*** Data section ***

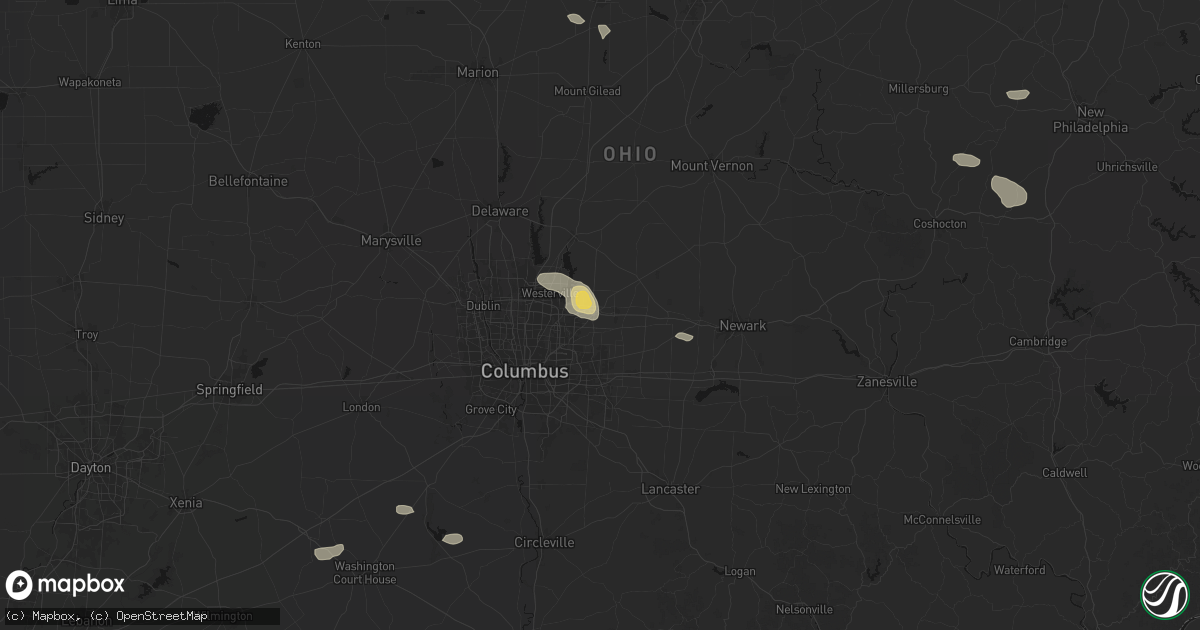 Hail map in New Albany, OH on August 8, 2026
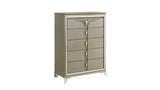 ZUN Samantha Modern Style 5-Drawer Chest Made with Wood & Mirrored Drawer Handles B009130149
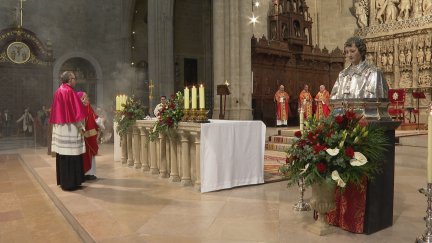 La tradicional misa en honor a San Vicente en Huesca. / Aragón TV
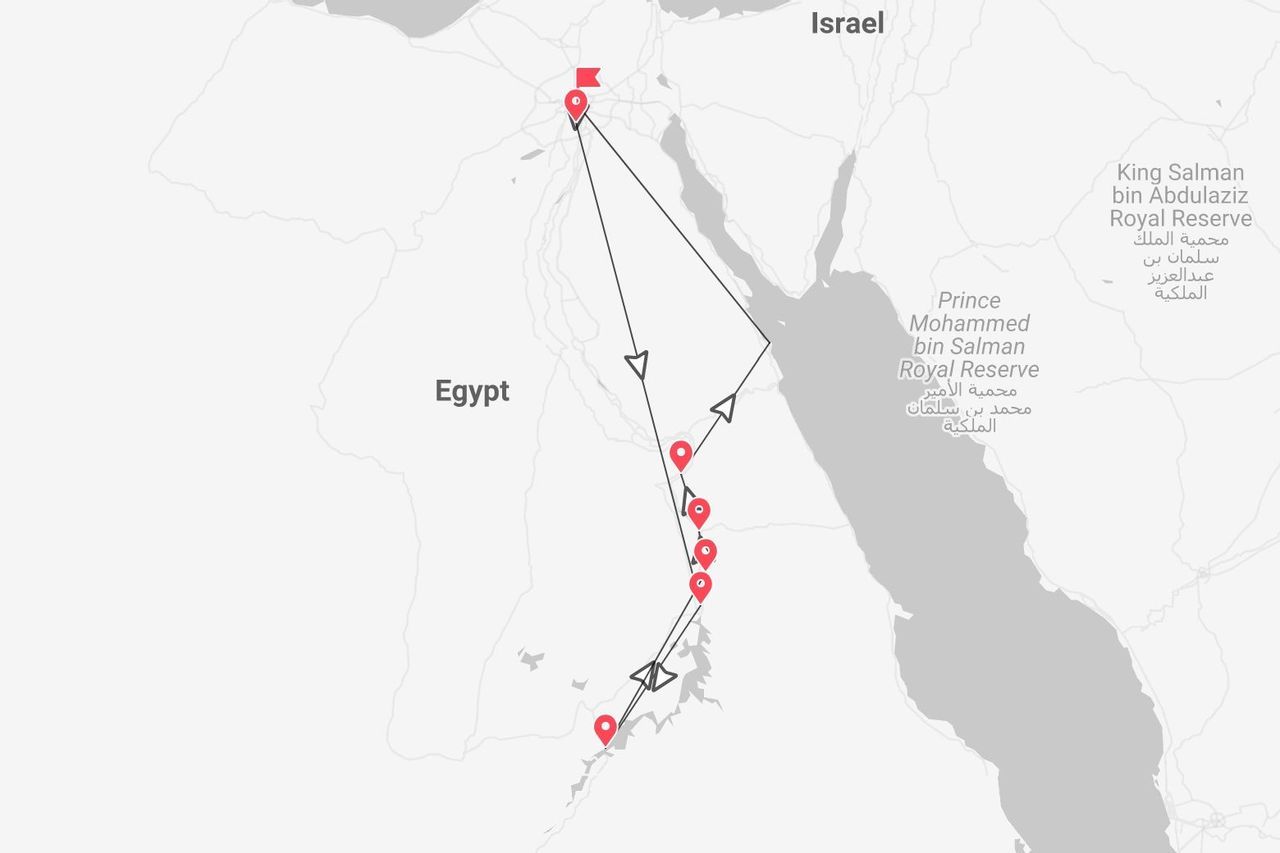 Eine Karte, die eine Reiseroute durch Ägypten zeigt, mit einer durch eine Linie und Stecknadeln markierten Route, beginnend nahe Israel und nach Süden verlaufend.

*** End of Data section ***

Starting at the line containing "ZUN Samantha Modern" and finishing at the line containing "La tradicional misa", return those lines exactly as they appear above, without the pictures.

 ZUN Samantha Modern Style 5-Drawer Chest Made with Wood & Mirrored Drawer Handles B009130149
 La tradicional misa en honor a San Vicente en Huesca. / Aragón TV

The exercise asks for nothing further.